After my last post, I needed a bit of time to collect myself.

God says he will never heap on so much that we can't take it. I'd like to have a heart to heart with him some time on that. When one's mind in in complete chaos and dreaming of being whisked away to parts unknown, I think we're at the breaking point of how much one can handle.

I realize it's different for everyone, and I'll be the first to admit my tolerence threshold seems to waver up and down depending on the day. Some days it just seems the weight of the world is on my shoulders, and yet when I read the news and see someone else's troubles (which are far worse than my own) I am then humbled and thank God that my troubles are indeed not as dire as others. That being said, it doesn't make it any easier, just a bit more self depricating on how I could be so selfish.

After my temporary meltdown last post, I sent a message to a college friend of mine from 20 years ago who recently found the Lord and just simply said "Pray for me. Having a rough spot." I did't say anymore or give any details, and within minutes he texted me back saying he'd pray for me. He also told me to read Psalms 13....which I did...and while I wouldn't say it was a wakeup call, it was just enough to stop anymore of a downward spiral.

He then sent me a care package in the mail that week. It was a box full of candy and treats for me, and he even threw in a toy for my dog. I was so touched. Here is a man, with a history and issues of his own, took the time to send me a 'care package'...and even included my dog in it. That touched me to the core. That has to be one of the nicest things someone has done for me.....dare I say even more attentive than my step-daughter and spouse? Actually...yes.

Of course I thanked him profusely, and I am still very touched by this simple act.

The rest of my week went better, or at least neutral. I haven't been able to relax 100%, and I have been very tired. I commented to my wife and she suggested I have my thyroid checked...just in case. I don't think it's a physical thing. To me, I feel it is a mental thing. I'm drained....emotionally spent, teetering on depression, frustrated and more. It just sucks the energy out of me. It's as if I forgot how to relax, let it all go, and enjoy the quiet moments. All that sounds good to me is a nice hot, long shower.....followed my a massage (that I'll never get)...and then go to bed.

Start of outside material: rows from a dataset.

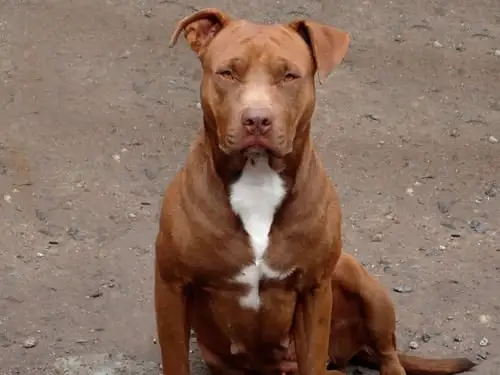 SM-hembra-pitbull-230521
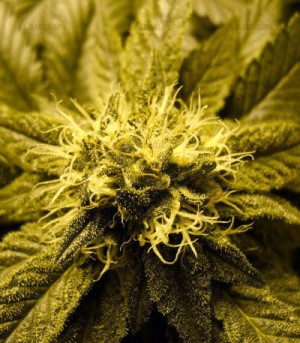 1602149507118.png 1602149507118.png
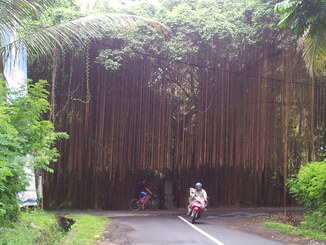 thumb_2013-12-07_09.48.22.jpg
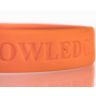 Knowledge Wristbands - 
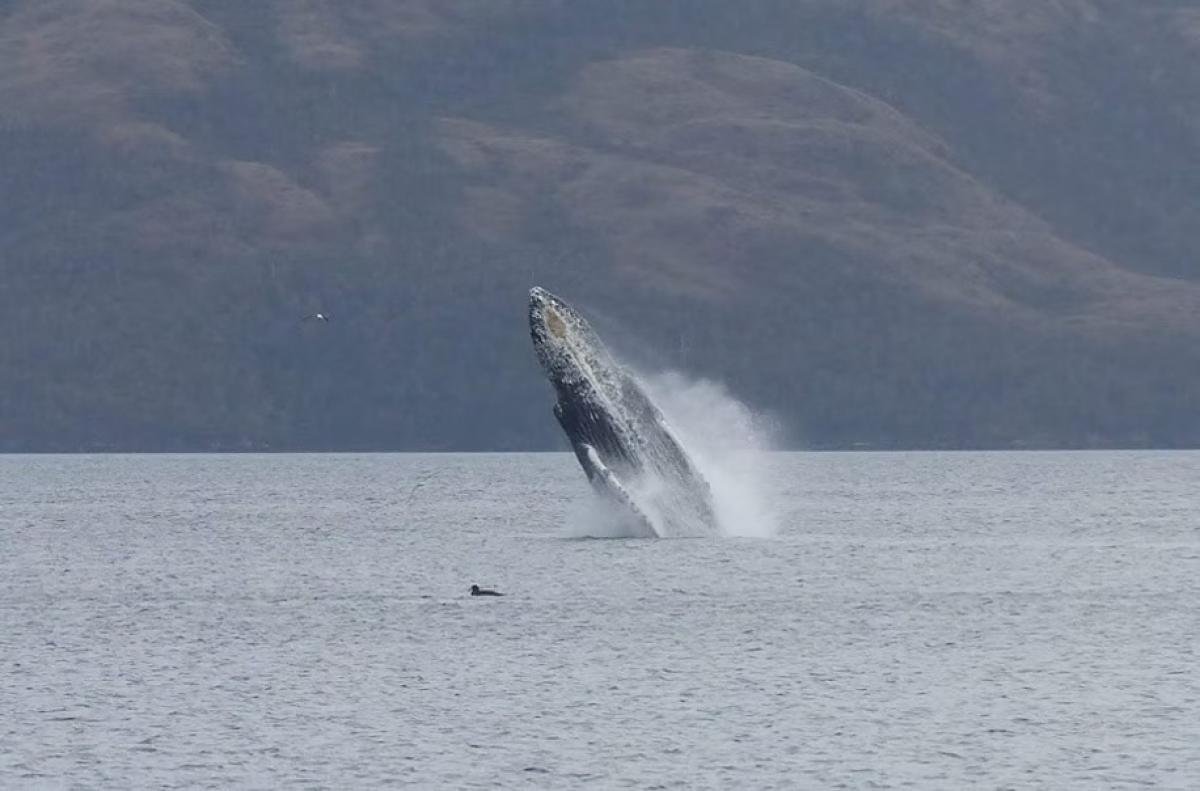 Kayak With Whales Punta Arenas  - Image 7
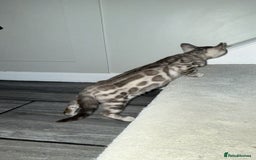 Bengal cats for sale: Male Snow bengal - Image 4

I did get some reprieve this last week. I did watch a few shows on television that made me laugh, and I even surprised my wife by going bowling with her and her freinds. I even surprised myself with the amount of fun I had that evening. And my wife's friends treated me very well.

The rest of the week just seemed to go through it's paces and I spent some time praying here and there.

I did go to church yesterday and I am so thankful I did. I hadn't gone in a few weeks and my men's group is on hiatus until Aug. 14. Anyway, yesterday's message was from the book of John about the good shepard. It was a good message for me to hear. I really needed to know that Jesus knows each and everyone of us, both good and bad, and every tear we shed and every cry we make. One could argue that He has answered me, although I'd like to know it was Him a bit clearer or a bit louder. Is it selfish to wonder or inquire why His answers seems like delayed whispers? Is it my patience? Is the test ongoing and I don't recall signing up for it if it is.

Yesterday afternoon I had a beer with a coupld of my neighbor guy friends. One is a non-practicing Catholic, the other agnostic. Religion wasn't the topic. We spoke of vacations. One thing we all had in common was a little strained finances and were discussing ideas for 'cheap' vacations. It was fun to dream about taking a week off and driving out to the Grand Canyon, or a train ride to Santa Barbara.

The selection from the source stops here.